Hypermature cataract. Note the
wrinkling of the anterior capsule,
the lens has liquefied and leaks out
of the capsule.

A morgagnian cataract. The cortex 
has turned into milky liquid and the 
nucleus is displaced inferiorly.

A rosette cataract. This is seen in 
blunt trauma. Look for other signs 
in the posterior segment such as
choroidal tear or retinal detachment.

A lamellar cataract. There are 
opacities at various levels of the 
fetal nucleus.

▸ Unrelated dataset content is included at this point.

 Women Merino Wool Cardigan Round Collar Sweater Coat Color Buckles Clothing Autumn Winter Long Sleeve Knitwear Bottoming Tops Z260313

It is the most common 
type of congenital cataract. 

A posterior subcapsular cataract. 
Causes include steroid use, retinitis 
pigmentosa, atopic dermatitis 
diabetes and chronic uveitis.

A droplet cataract seen in a patient
with galactosaemia. 

Cataract may be cortical, nuclear, subcapsular or in any combination. Examine the cataract with different forms of
biomicroscopic illumination so that you can describe the location of the cataract. For example, retroillumination is best
for anterior and posterior subcapsular opacities whereas direct focal slit illumination is best for examining the different
zones of the lens and thus locate the opacities. The location of the cataract can suggest the cause. 

In the examination:

    a. if the patient is young and has bilateral cataract. Consider the following:
    • atopic dermatitis (observe the face for dermatitis)
    • diabetic mellitus (examine the fundus for diabetic retinopathy
    • retinitis pigmentosa (examine the fundi for pigmentary changes)
    • myotonic dystrophy (note the typical facies of frontal balding, bilateral ptosis and delayed muscle

    • relaxation)
    b. in unilateral cataract. Look for:
    • Fuch's heterochromic uveitis
    • trauma
    • chronic uveitis
    • retinal detachment


1. What happen to the lens in poorly controlled diabetes mellitus?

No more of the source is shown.